The Honourable Societies of the Inns of Court became the successors of the Knights Templar who vanished as an Order, but the symbols of their origins are still evident. Wandering around Middle Temple today, you will see in the stonework and in the emblems on doors, and above gateways, the symbol of the Lamb and Flag as it was carried back from the crusades by the Templars. It stands over the doorway to the main hall where the barristers gather their pupils to eat and hear lectures on law and advocacy, and of course it is within the name of the Inns of Court and the Temple tube station that serves them.
The Templars may have gone, but their successors still bear their mark.
Red-Light District in a Convent Garden
Posted by Mike in Places, Sixty-One Nails on November 10, 2009
Covent Garden - Mike Shevdon in the Apple Market courtesy of Mark Lewis photography
One of the main locations in SIxty-One Nails is Covent Garden Market.
Blackbird brings Niall here after they first meet to purchase a token gift before they descend beneath the streets into the hidden world of Gramawl and Kareesh. When they emerge into the plaza, she turns to him….

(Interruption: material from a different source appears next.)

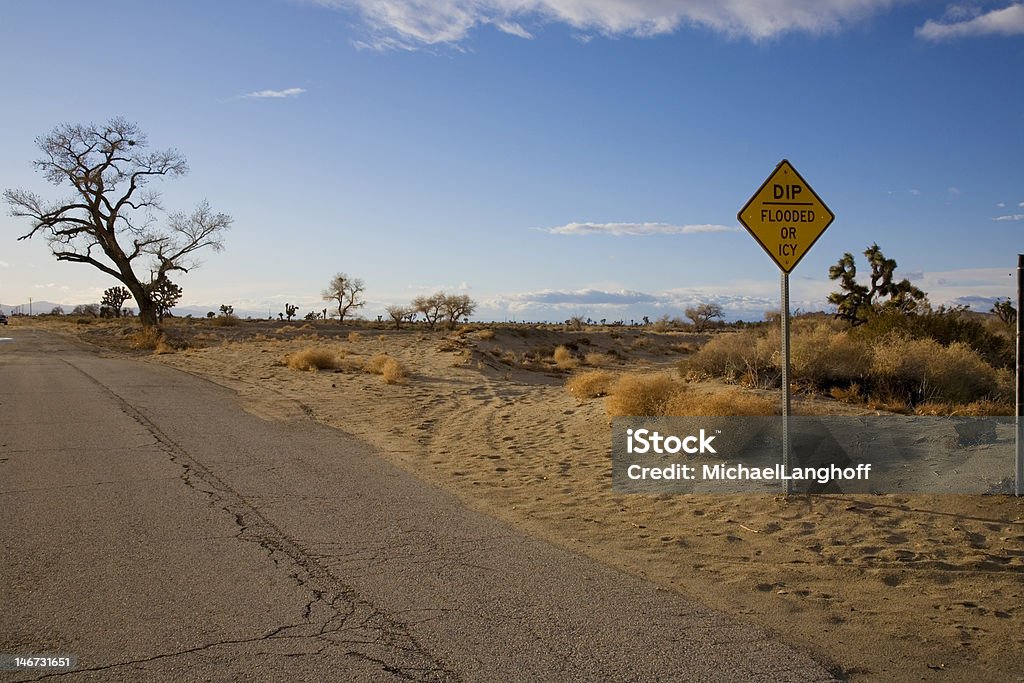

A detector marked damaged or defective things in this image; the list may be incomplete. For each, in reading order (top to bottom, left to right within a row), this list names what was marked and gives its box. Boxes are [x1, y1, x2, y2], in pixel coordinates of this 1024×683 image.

cracked asphalt road [0, 328, 836, 680]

“Oh, I’ve missed this. It’s one of the old places.”
Blackbird’s mood lightened as she crossed onto the cobble stoned plaza.
I corrected her. “It’s not as old as people think, actually. The flower market is only late nineteenth century.”
“And why do you think they built a flower market here?”
“Well, I guess it was part of the original settlement. Maybe there were market gardens here once?”
“Oh, there were gardens here, convent gardens actually, and there was a market here long before Christianity and for much more than flowers. Herbs and potions, talismans and wardings, you could buy anything here, once.” She stepped up onto the paving around the covered market and breathed in as if inhaling a heady scent.
“Blackbird, if you don’t mind me asking, how old are you, exactly?”
“Didn’t I tell you it was rude to ask someone’s age?” She arched an eyebrow at me, but I was prepared for her evasion this time.
“No, I don’t think that’s actually what you said. I think you asked me what age I thought you were and then, when I told you, you laughed and said you were a lot older than that, but you never told me how much.”
“Perhaps I thought you were being nosey.” The comment was not harshly made and left just enough of an opening for me to ask once more.
“Are you going to tell me?”
“No, I don’t think so, except to say I have rolled in the buttercups here and come away dusted in their pollen. I have slept here under the stars on the solstice and been gifted with dreams of the future and I have fought for my life here and come away bloodied, but unharmed. It is a place that has been special to me for a long time.” Her words hung in the air despite the milling tourists that passed us by, unaware of her reminiscences.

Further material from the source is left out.